We wandered down to have a look, and dogs all seemed to be having the time of their lives. The owners got to “walk the course” before each competition started, and we noticed them raising their arm at each hurdle, and swinging their arm when they came to a tunnel, perhaps to imprint the course in their minds before they take their turn. The border collies seemed to be the stars of the show, they rushed around the course as quick as a flash, jumping over the hurdles, and rushing headlong into the tunnels. The owners ran around the course too, shouting commands at the top of their voices. Some of the owners seemed to have a little trouble keeping up with these exuberant dogs and collapsed in a heap at the end of the course, while the dogs looked like they could easily go another round.
Over the hurdle
Walking back to our caravan we passed by a young woman and her Australian Koolie dogs who were having a bit of R&R between their competition classes. (As we had never come across this dog breed before we did a little research on our return home - read about them here). She confirmed that the dogs are entered by size in the competitions, micro, mini, middies and maxi. That’s what we thought, as we had earlier watched a whole lot of teeny tiny dogs put through their paces, although their small size didn’t seem to slow them down.
Muffy wasn’t too impressed that we had spent time away patting dogs when we could have been giving her our undivided attention. So she had a little outing and got to sniff the exciting rural smells of sheep, chickens and all those dogs being put through their paces for a while on our return.

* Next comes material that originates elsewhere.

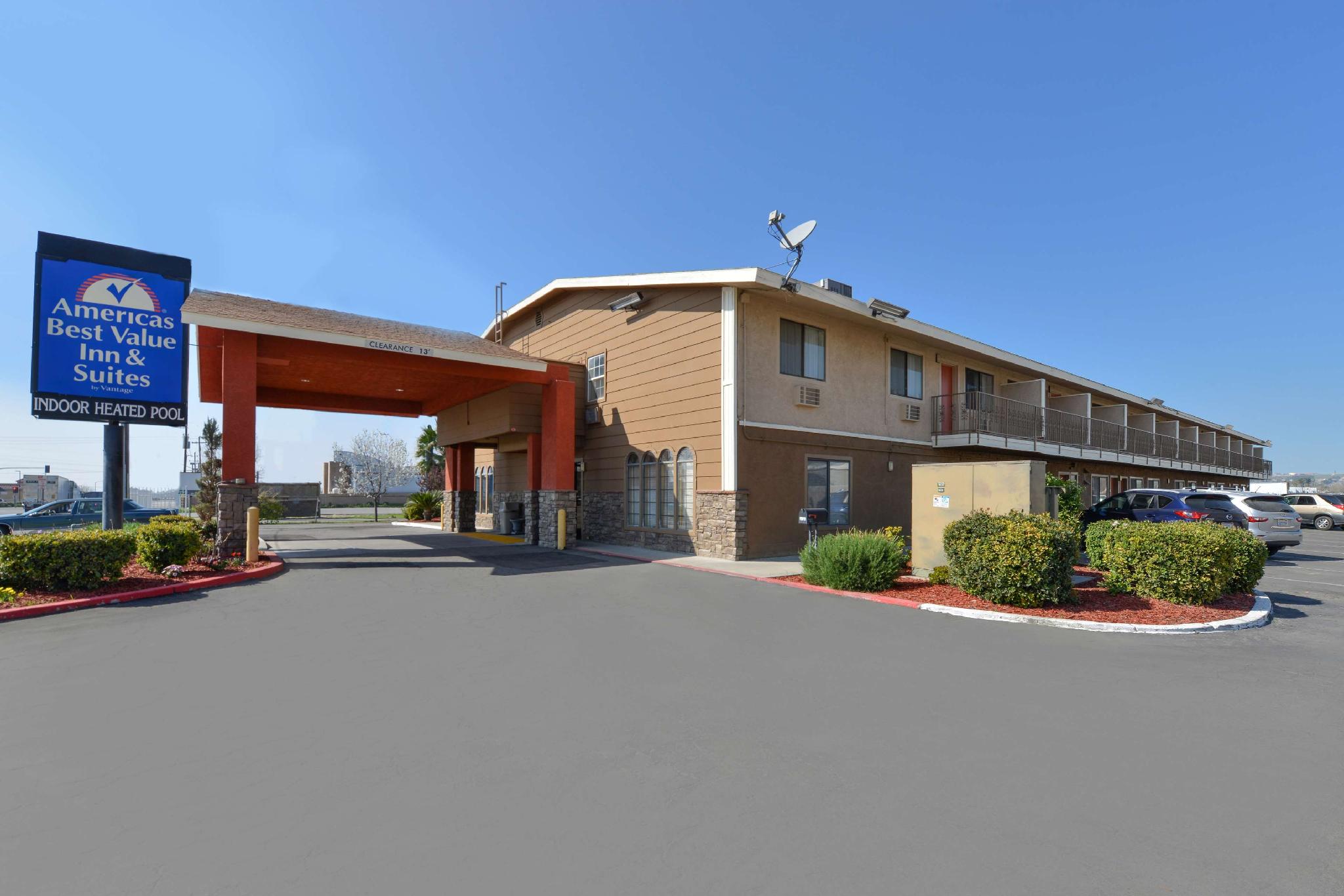 Americas Best Value Inn & Suites Bakersfield E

The noise of the excited dogs didn’t worry us, but unfortunately we had a few problems during the weekend with ill mannered dog owners who kept coming over to our small camping area in front of our caravans to toilet their dogs. “But we always toilet the dogs here”, they told us. Our concern was that the dog people could well see that this particular camping area was occupied, and it was common courtesy to take the dogs elsewhere for toileting. We were also not happy with dogs running free around our caravans. We had a quiet word to A&P Chairman, who passed on our concerns to the President of the dog club, who was then to inform the competitors not to bring their dogs amongst other campers, but to use some of the other nearby areas. After all, with 65 acres available, there was no need to upset other paying customers in the adjacent camping area. Did it work? Not completely – but the dog traffic was much reduced.